> **TASK OBJECTIVE**: Could you write out every entry exactly as it stands?

> **DATA EXTRACT**:
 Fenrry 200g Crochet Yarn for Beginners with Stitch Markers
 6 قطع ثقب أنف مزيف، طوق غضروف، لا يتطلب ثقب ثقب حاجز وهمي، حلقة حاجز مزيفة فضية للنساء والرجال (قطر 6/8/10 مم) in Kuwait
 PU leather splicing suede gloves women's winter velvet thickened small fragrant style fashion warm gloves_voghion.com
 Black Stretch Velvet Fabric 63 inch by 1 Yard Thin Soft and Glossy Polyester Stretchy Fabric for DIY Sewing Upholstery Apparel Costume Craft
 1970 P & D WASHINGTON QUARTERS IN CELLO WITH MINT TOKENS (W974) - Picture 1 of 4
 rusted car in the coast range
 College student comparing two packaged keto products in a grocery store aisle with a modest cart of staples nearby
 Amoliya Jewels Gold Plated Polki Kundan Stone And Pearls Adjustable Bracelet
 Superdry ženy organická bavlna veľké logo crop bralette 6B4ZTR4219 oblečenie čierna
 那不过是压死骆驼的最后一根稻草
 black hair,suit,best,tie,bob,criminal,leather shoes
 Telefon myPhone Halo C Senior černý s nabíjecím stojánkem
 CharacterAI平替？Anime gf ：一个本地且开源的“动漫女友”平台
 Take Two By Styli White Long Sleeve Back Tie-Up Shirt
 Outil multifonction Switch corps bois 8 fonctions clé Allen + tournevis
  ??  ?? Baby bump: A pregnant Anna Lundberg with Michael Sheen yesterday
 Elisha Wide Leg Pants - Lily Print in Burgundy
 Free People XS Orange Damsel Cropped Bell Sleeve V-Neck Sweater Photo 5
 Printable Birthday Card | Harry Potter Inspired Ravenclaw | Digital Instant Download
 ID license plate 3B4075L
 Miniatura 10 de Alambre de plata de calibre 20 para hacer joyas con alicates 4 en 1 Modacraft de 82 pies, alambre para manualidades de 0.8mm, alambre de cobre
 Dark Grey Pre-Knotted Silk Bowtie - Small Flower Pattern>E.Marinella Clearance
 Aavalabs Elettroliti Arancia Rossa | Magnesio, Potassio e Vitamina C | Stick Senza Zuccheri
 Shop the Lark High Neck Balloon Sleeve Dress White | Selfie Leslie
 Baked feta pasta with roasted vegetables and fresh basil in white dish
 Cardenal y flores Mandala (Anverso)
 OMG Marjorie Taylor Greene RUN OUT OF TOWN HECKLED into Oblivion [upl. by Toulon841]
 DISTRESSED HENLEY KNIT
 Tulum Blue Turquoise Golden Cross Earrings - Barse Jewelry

> **ANSWER BOX**:
 Fenrry 200g Crochet Yarn for Beginners with Stitch Markers
 6 قطع ثقب أنف مزيف، طوق غضروف، لا يتطلب ثقب ثقب حاجز وهمي، حلقة حاجز مزيفة فضية للنساء والرجال (قطر 6/8/10 مم) in Kuwait
 PU leather splicing suede gloves women's winter velvet thickened small fragrant style fashion warm gloves_voghion.com
 Black Stretch Velvet Fabric 63 inch by 1 Yard Thin Soft and Glossy Polyester Stretchy Fabric for DIY Sewing Upholstery Apparel Costume Craft
 1970 P & D WASHINGTON QUARTERS IN CELLO WITH MINT TOKENS (W974) - Picture 1 of 4
 rusted car in the coast range
 College student comparing two packaged keto products in a grocery store aisle with a modest cart of staples nearby
 Amoliya Jewels Gold Plated Polki Kundan Stone And Pearls Adjustable Bracelet
 Superdry ženy organická bavlna veľké logo crop bralette 6B4ZTR4219 oblečenie čierna
 那不过是压死骆驼的最后一根稻草
 black hair,suit,best,tie,bob,criminal,leather shoes
 Telefon myPhone Halo C Senior černý s nabíjecím stojánkem
 CharacterAI平替？Anime gf ：一个本地且开源的“动漫女友”平台
 Take Two By Styli White Long Sleeve Back Tie-Up Shirt
 Outil multifonction Switch corps bois 8 fonctions clé Allen + tournevis
  ??  ?? Baby bump: A pregnant Anna Lundberg with Michael Sheen yesterday
 Elisha Wide Leg Pants - Lily Print in Burgundy
 Free People XS Orange Damsel Cropped Bell Sleeve V-Neck Sweater Photo 5
 Printable Birthday Card | Harry Potter Inspired Ravenclaw | Digital Instant Download
 ID license plate 3B4075L
 Miniatura 10 de Alambre de plata de calibre 20 para hacer joyas con alicates 4 en 1 Modacraft de 82 pies, alambre para manualidades de 0.8mm, alambre de cobre
 Dark Grey Pre-Knotted Silk Bowtie - Small Flower Pattern>E.Marinella Clearance
 Aavalabs Elettroliti Arancia Rossa | Magnesio, Potassio e Vitamina C | Stick Senza Zuccheri
 Shop the Lark High Neck Balloon Sleeve Dress White | Selfie Leslie
 Baked feta pasta with roasted vegetables and fresh basil in white dish
 Cardenal y flores Mandala (Anverso)
 OMG Marjorie Taylor Greene RUN OUT OF TOWN HECKLED into Oblivion [upl. by Toulon841]
 DISTRESSED HENLEY KNIT
 Tulum Blue Turquoise Golden Cross Earrings - Barse Jewelry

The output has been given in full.